Terry Duffy, CEO of leading United States derivative market CME Group, told Business Insider Monday, March 25, that Bitcoin’s finite amount is a challenge for regulators.
According to Duffy, the inability to run Bitcoin (BTC) on a deficit is challenging for regulation. He further explained:
“The governments can’t run unless they can run on a deficit. I am trying to figure out why they would say, ‘Sounds good to me, because I want to be responsible and run everything on even-for-even basis. I can’t borrow against anything.'”

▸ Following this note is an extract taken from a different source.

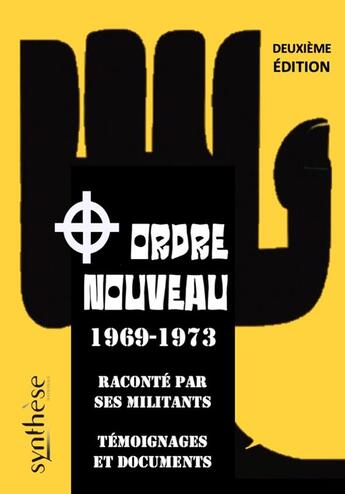 Couverture du livre « Ordre Nouveau raconté par ses militants : 40 témoignages et documents » de Jacques Mayadoux et André Chanclu aux éditions Synthese Nationale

Therefore, a major selling point of most cryptocurrencies, a limited supply, is an obstacle to their further adoption by state entities, according to Duffy. He further added that regulators are still wary about cryptocurrencies, as they are still a relatively new financial instrument:
“I do believe that the regulators right now are a little careful about just rubber stamping anything as it relates to crypto. You are going to have to have an offering that the regulators are going to have to get comfortable. And I think it is hard to get comfortable with something that is so new like this.”
Moreover, Duffy thinks that stablecoins pegged to the U.S. dollar or euro will gain more traction, as they have some of the characteristics of traditional money.
Duffy thus reiterated his stance from a February interview with Bloomberg, when he said that major commercial banks are not likely to get involved in the market unless the governments worldwide start accepting cryptocurrencies.
Many crypto entrepreneurs and financial experts opt for stablecoins as the best use case of cryptocurrencies. For instance, the Winklevoss twins, who earlier launched their own dollar-backed stablecoin, the Gemini dollar (GUSD), believe that stablecoins and tokenized securities are the future of crypto innovation.